I buoni libri non sono sempre necessariamente quelli che ci appagano di più, quelli che magari ci offrono le risposte migliori ai nostri dubbi. Libri buoni sono anche quelli che questi dubbi li sollevano, che ci costringono a quel lavorio mentale che permette a ciascuno di noi di fare qualche passo in più in una conoscenza che ci sia davvero propria. È questo il caso del volume di Vito Varricchio, Il socialismo di Luciano Pellicani (pagine 196), edito meritoriamente dai tipi Rubbettino, con la prefazione di Gaetano Pecora. Un testo che non solo introduce al pensiero politico di un protagonista della vita culturale italiana del secondo Novecento. Ma che propone al lettore un momento di riflessione e approfondimento su alcuni dei problemi chiave della politica.
Si prenda, ad esempio la questione della rivoluzione e del suo rapporto con il messianesimo politico; si pensi al rapporto tra socialismo (o meglio i socialismi) e l'economia di mercato; si consideri ancora il logoro, eppure sempre rinnovato, miraggio dell'autogestione e i suoi legami con la statizzazione.
Ecco: nello sfogliare le pagine di Varricchio, e il (particolarmente significativo) carteggio inedito tra Pellicani e Bobbio in appendice, si ha davvero l'impressione di aver squadernato un sunto del dibattito etico-politico del secolo scorso e contemporaneo. Con tutti i suoi pregi, ma anche con le sue strutturali mancanze, come la tendenza a non costruire i concetti, le parole della politica, a partire dai fatti, ma procedendo all'inverso.

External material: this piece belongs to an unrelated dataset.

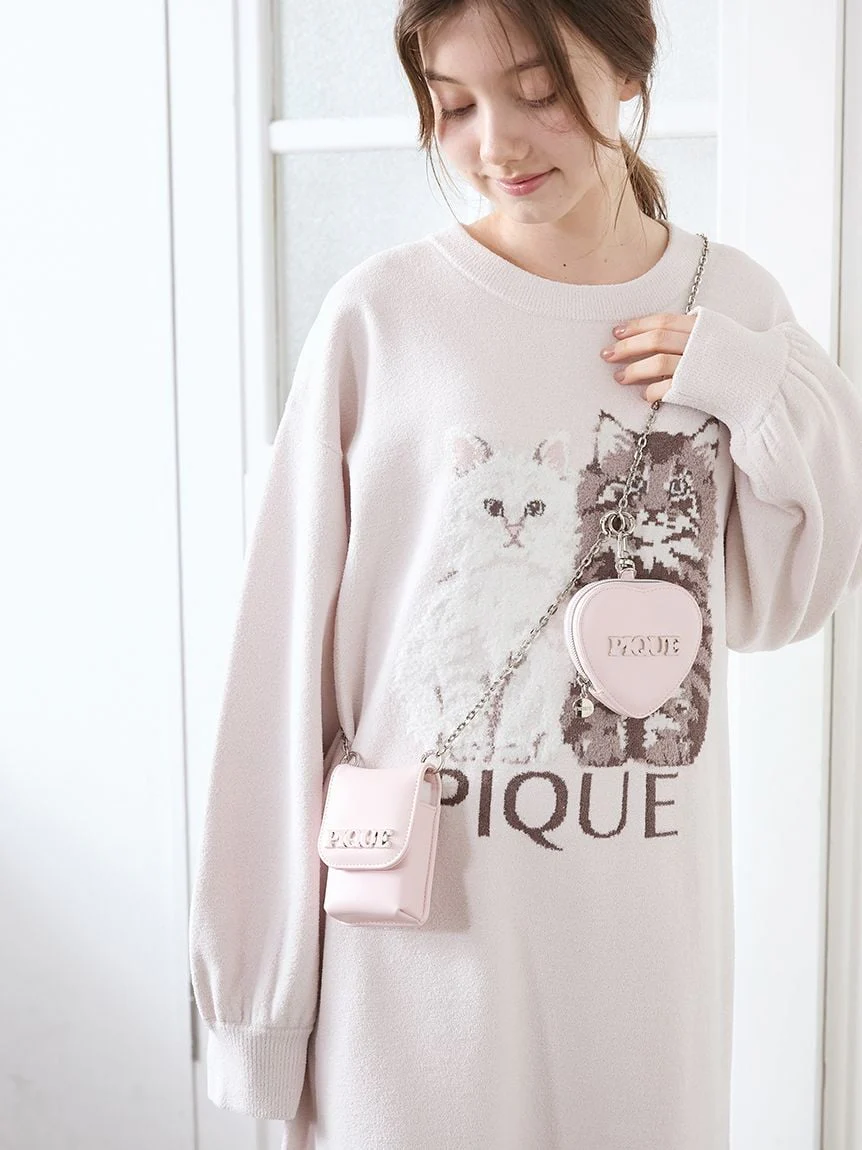 Airy Moco Twin Cats Jacquard Dress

Una base di riflessione, cui si aggiunge almeno per chi ha a cuore il valore della libertà la capacità di suscitare una profonda ammirazione per ciò che Pellicani rappresentò in una sinistra violentemente attaccata, anche in Italia, alle illusioni e agli odi di matrice marxista-leninista. Il coraggio di un intellettuale e di un docente, capace di opporsi ai legami perfino familiari oltre che alla pressante e radicale macchina della massificazione rossa di quegli anni, in nome della forza della ragione e del vaglio individuale di ogni convinzione data. «Il tema che negli anni Sessanta scrive Varricchio attraversava da parte a parte la fitta corrispondenza tra Luciano e la madre Camilla , una coraggiosa militante comunista rimasta tale nonostante gli avvenimenti del 1956, era la rivoluzione bolscevica.
In una lettera inedita, che qui pubblichiamo per la prima volta, un poco più che ventenne Pellicani esprimeva un giudizio che si urtava fortemente con quello, protestatario e antisistema, che agitava la sua generazione.
«Lenin e quelli che lo hanno seguito hanno sbagliato strada». E, pur consapevole di mettere in scompiglio le convinzioni politiche della madre, egli confermava i risultati della sua indagine I bolscevichi martellava Luciano «hanno fatto ripiombare l'umanità nel medioevo» Una capacità di analisi che Pellicani andò affinando nel tempo e che cercò di trasmettere ai suoi allievi. E che se gli valse il merito del giusto andare controcorrente gli fece, però, anche pagare il prezzo che sempre paga chi alla libertà resta fedele: la solitudine.
Glielo aveva profetizzato la stessa madre: «Tu rimarrai solo!». E il vaticinio si concretizzò puntualmente.
Sta di fatto che quella solitudine non immiserì, e non
immiserisce, ma anzi esalta il calore di quell'ideale di libertà cui Pellicani cercò di tenersi saldo, e che arriva a noi, anche grazie alle pagine di Varricchio, come una eredità da conservare e una responsabilità da trasmettere.